The first published discussion sounds like satire (or a hyperbolized example), but the description given by Guy Debord seems pretty straight forward to me. If I were try to put it even simpler, I would define it as: "Psychogeography is the study of why people enjoy, or behave in certain ways in, certain surroundings over others".

That being said, the fact that Debord claims both that psychogeography is the study of "precise laws" and that psychogeography is "charmingly vague", seems conflicting.


I'm still not convinced it's an actual thing, and not just a pretentious way to say "going for a walk"


If satire, it's hilarious. If not, it's ridiculous. The same people will take it seriously either way, so there's not much difference.


It's basically vaguely defined, and it can be anything from making a map of your area, basic geography, "the feeling you get in a place" to an impenetrable academic critical kind of study to a kind of radical situationist thing. So a lot of it is intentionally elitist and obscure.

This example is more along the lines of whats called "Walking Art" so it's more about practice outside by artists, and tends to be less art-speaky and is more approachable but with a fair bit of radical influence.

Back to definitions, Denis Wood says it's basically two types (geography vs politics) https://krygier.owu.edu/krygier_html/geog_222/geog_222_lo/Ly...


Vaguely defined is a good description. I view it like music- people have always done some version of it, but it hasn't always had a name .

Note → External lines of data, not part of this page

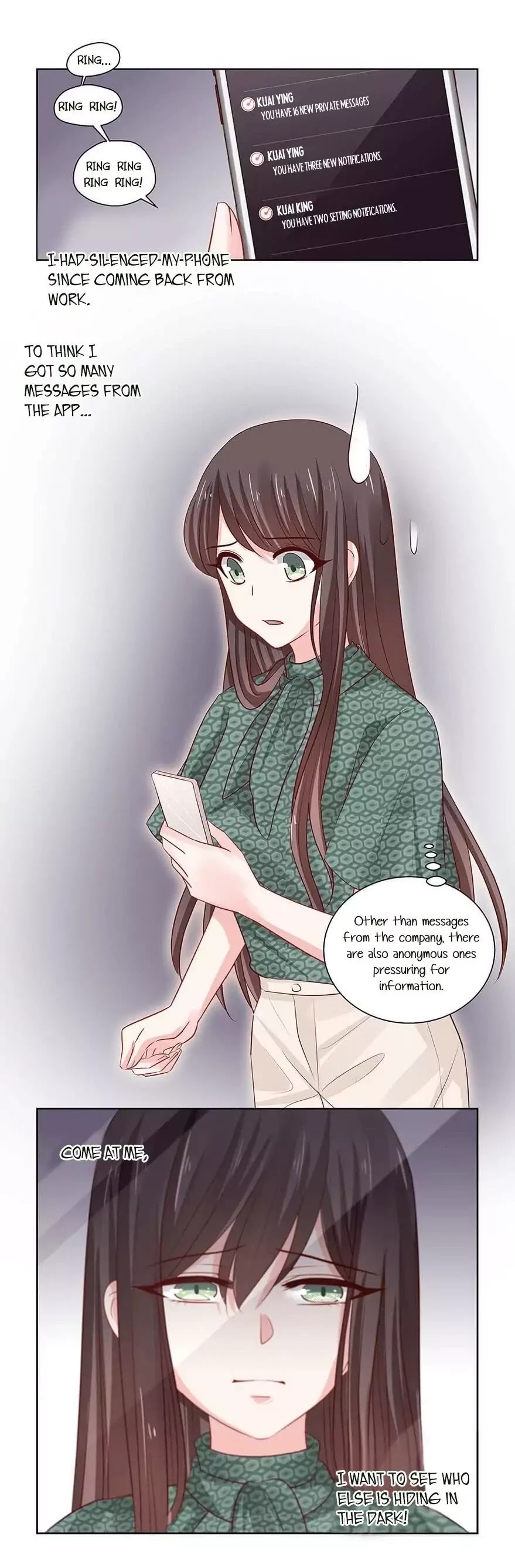 My Obsession Won't Let Me Leave Chapter 70 page 10 - Chapter 70: It's not that you're weak, it's that they are too evil!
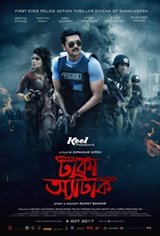 Dhaka Attack Affiche de film
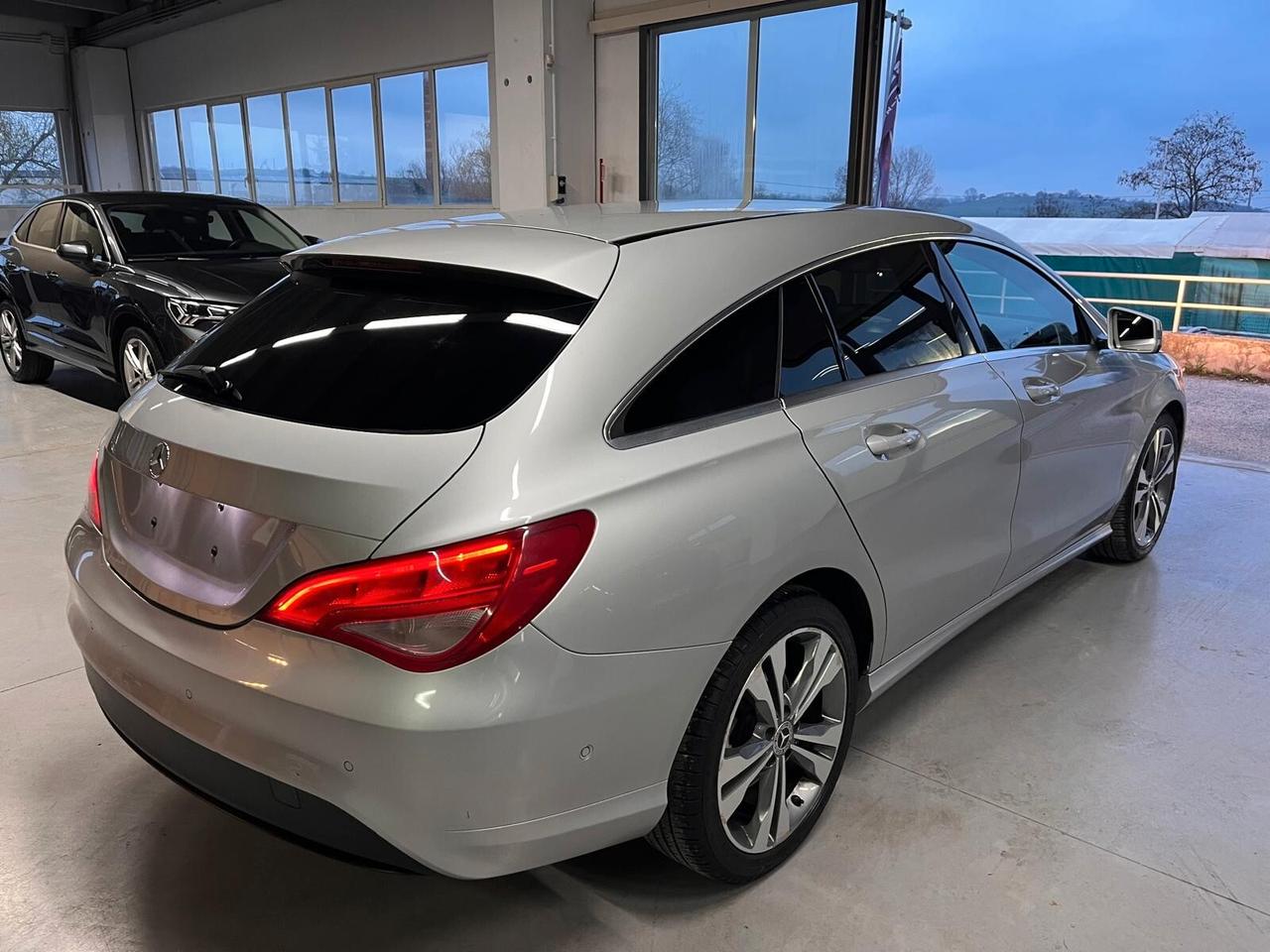 Mercedes-benz CLA 180 d Automatic Sport PERFETTA!!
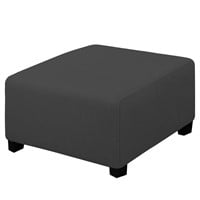 Easy Going Stretch Ottoman Cover Folding Storage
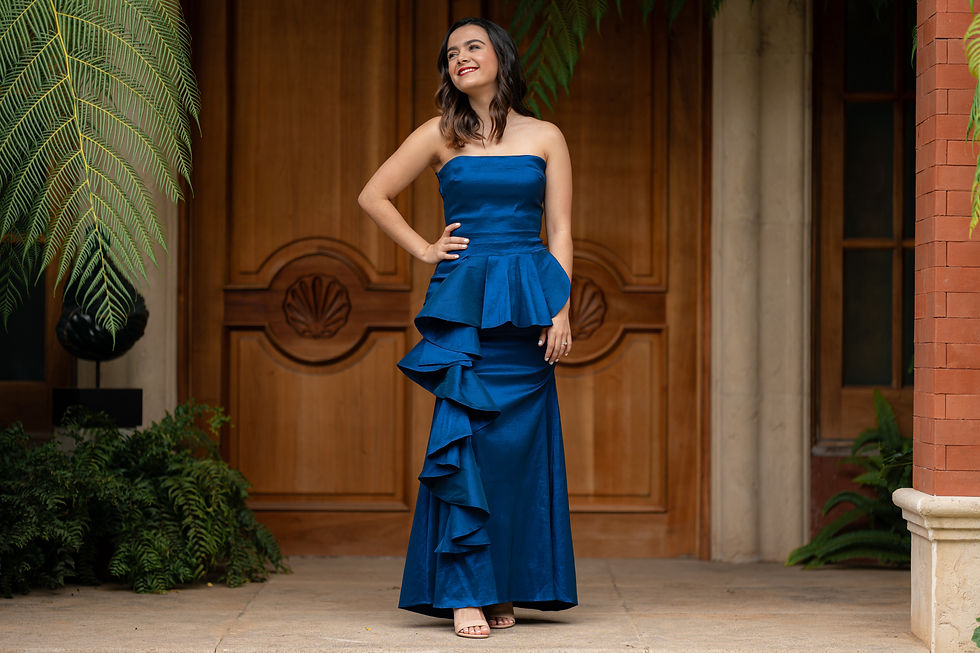 Miniatura: Vestido Laguna 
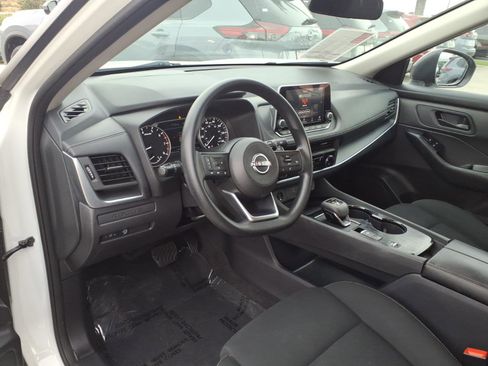 Certified 2024 Nissan Rogue S FWD image 13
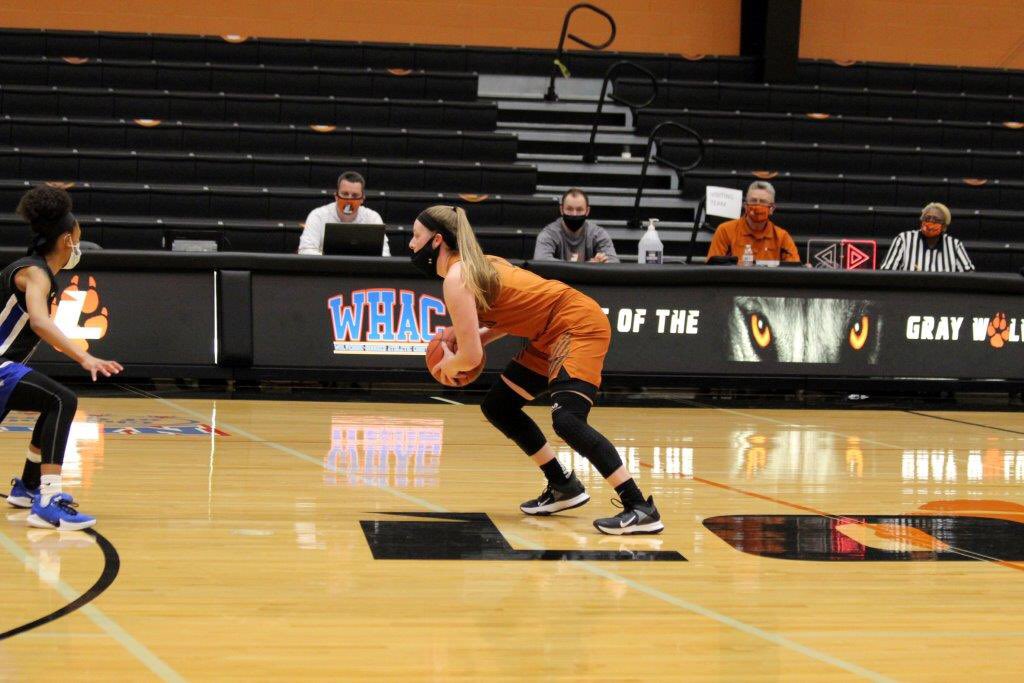 LourdesWBB's tweet photo. You have been a great example for many students and players who have come to Lourdes finishing 4 years on the court and in the classroom! Job well done you’re going to make a great nurse! #nursingstudent #atudentathlete #lourdesuniversity #dedication https://t.co/ozDRymfAHC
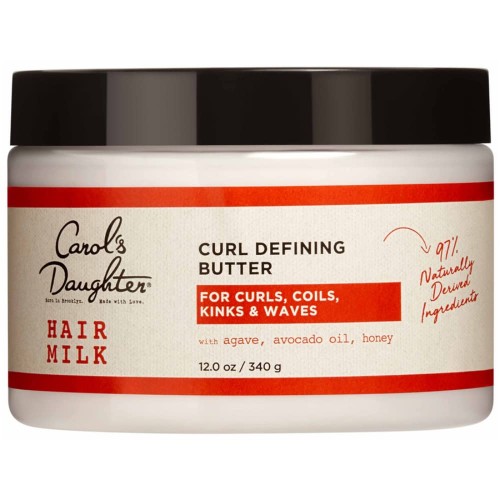 Carol’s Daughter Hair Milk Curl Defining Butter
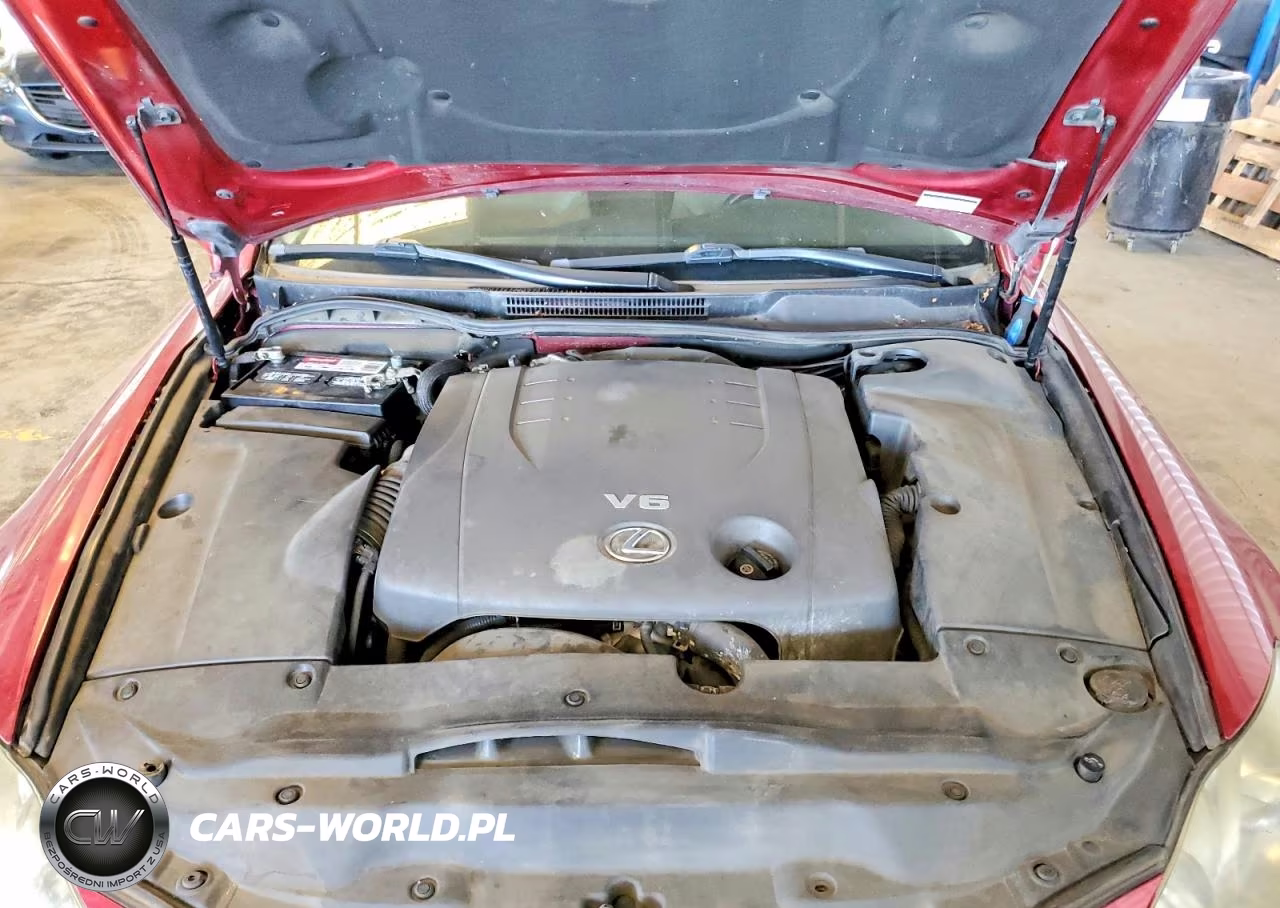 2007 Lexus Is 250 VIN:JTHBK262X75050441 - 11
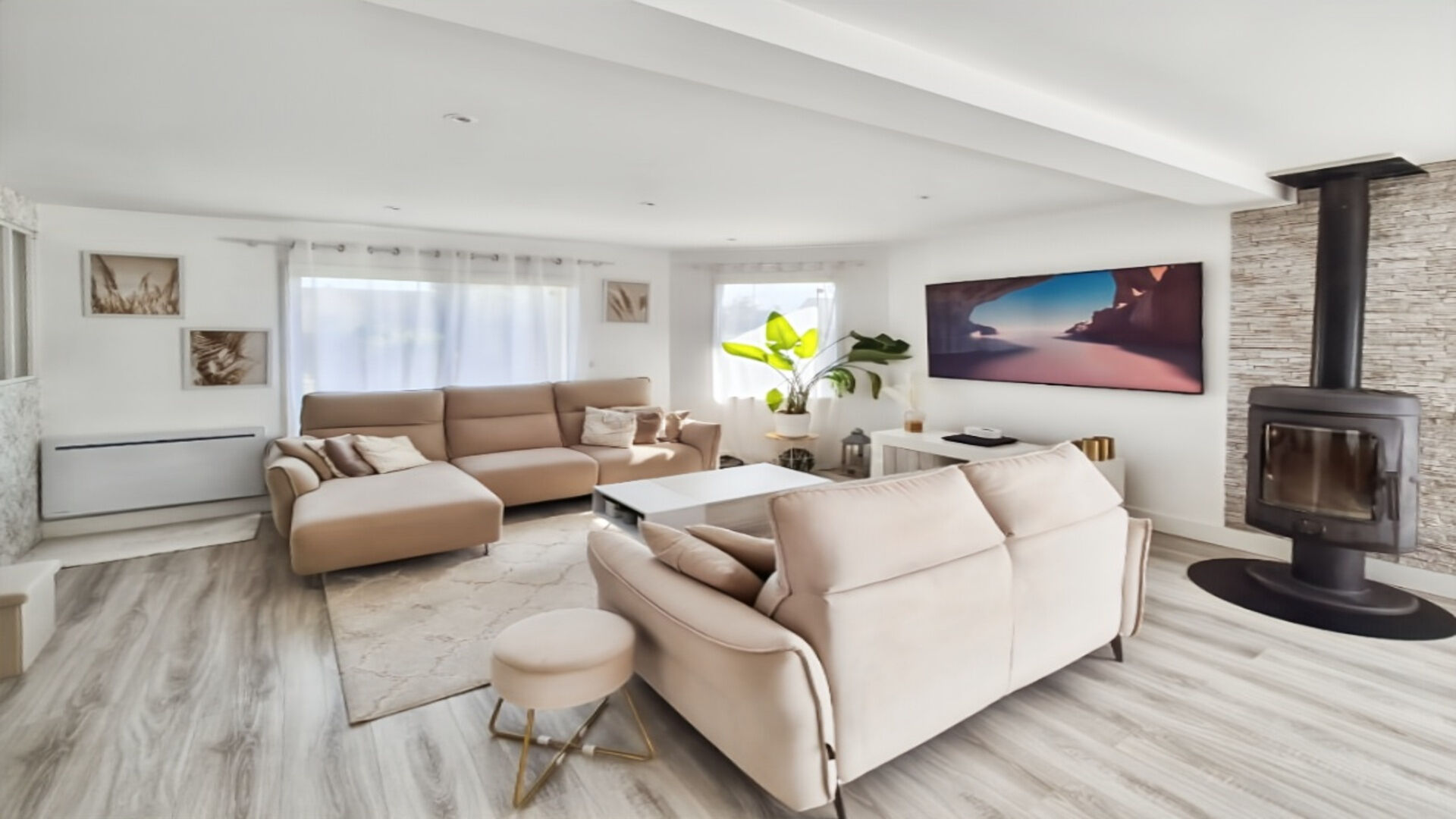 Maison SOTTEVILLE SOUS LE VAL (76410) 5 pi&egrave;ces 132.00 m&sup2;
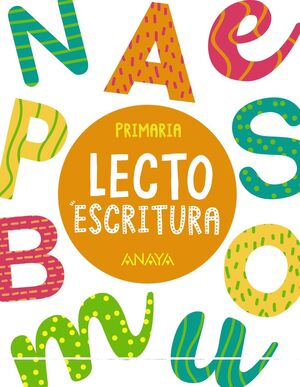 LECTOESCRITURA 1. EDICIÓN 2023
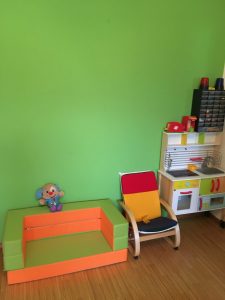 Spielzimmer bei Monas Club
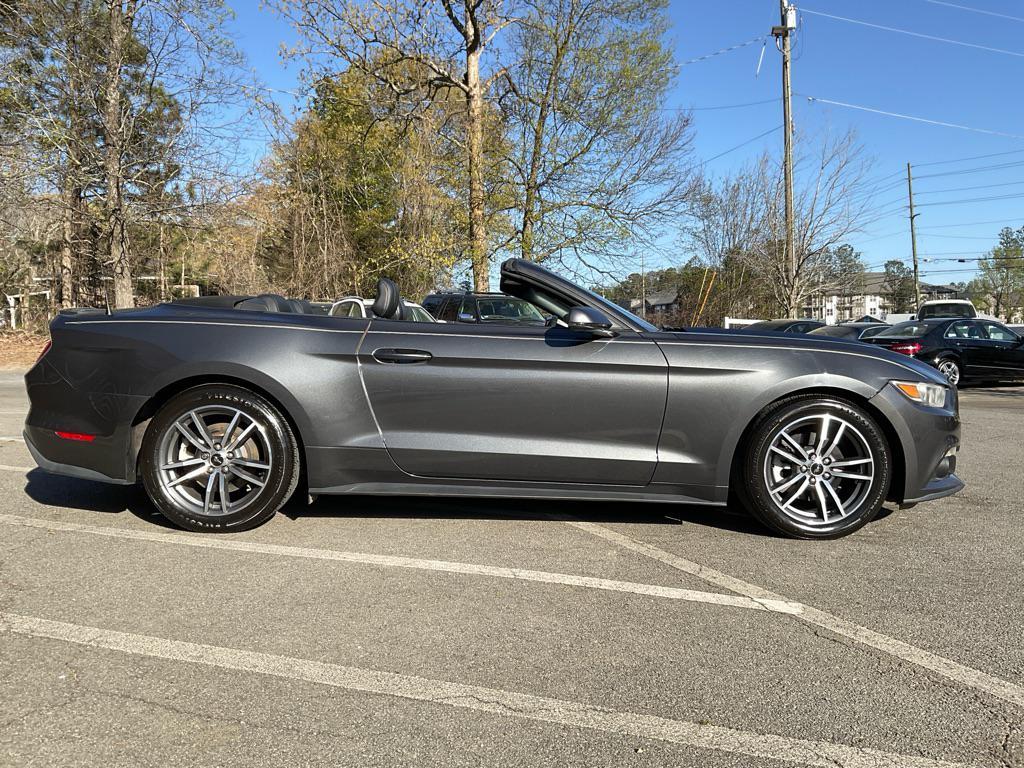 used 2015 Ford Mustang car, priced at $11,985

I found the write up of the Dazzle Walk itself to be a much more fascinating read http://walkspace.uk/2021/03/birmingham-dazzle-walk/


For those who aren't aware of Birmingham, UK, Here's Telly Savalas impression of it from 1981 (His kind of town):

https://www.youtube.com/watch?v=EoHVO1eSMFc


I didn’t recognise anything except St Martins from this video.

Birmingham is in an unfortunate position in the UK- while technically it’s the second city (where London is the largest, richest and most populous), Birmingham by contrast seems deeply impoverished and constantly attempting to redesign itself.

The city, thusly, has more cameras per capita than London, since crime and poverty are slightly more abundant.

I was raised in neighbouring Coventry, my father was from Birmingham, as was my first girlfriend and college.

Coventry was much worse than Birmingham of course, but they’re both pretty grim compared to places like Evesham, Oxford, Leamington Spa or Bath


I remember the great floods at Leakington Spa. Terrible.


When I read "dazzle walks," I immediately thought of this: https://www.youtube.com/watch?v=eCLp7zodUiI

I'll get my coat...


How do they even know that their camouflage foils the surveillance cameras? Ok for the passport example with the missing head, but if you just walk the streets?


If I were to build a facial recognition system, I wouldn't use color input. Doesn't e.g. Apple's facial recognition use infrared?


It's also about that classic social engineering tactic to blend in. Who would even notice a beige middle-aged woman anywhere, just like a high-vis and clipboard will avoid most suspicions.


I don't think that would work for AI based systems.


Given how facial recognition software struggles with people who aren't intentionally trying to fool it it couldn't be that difficult.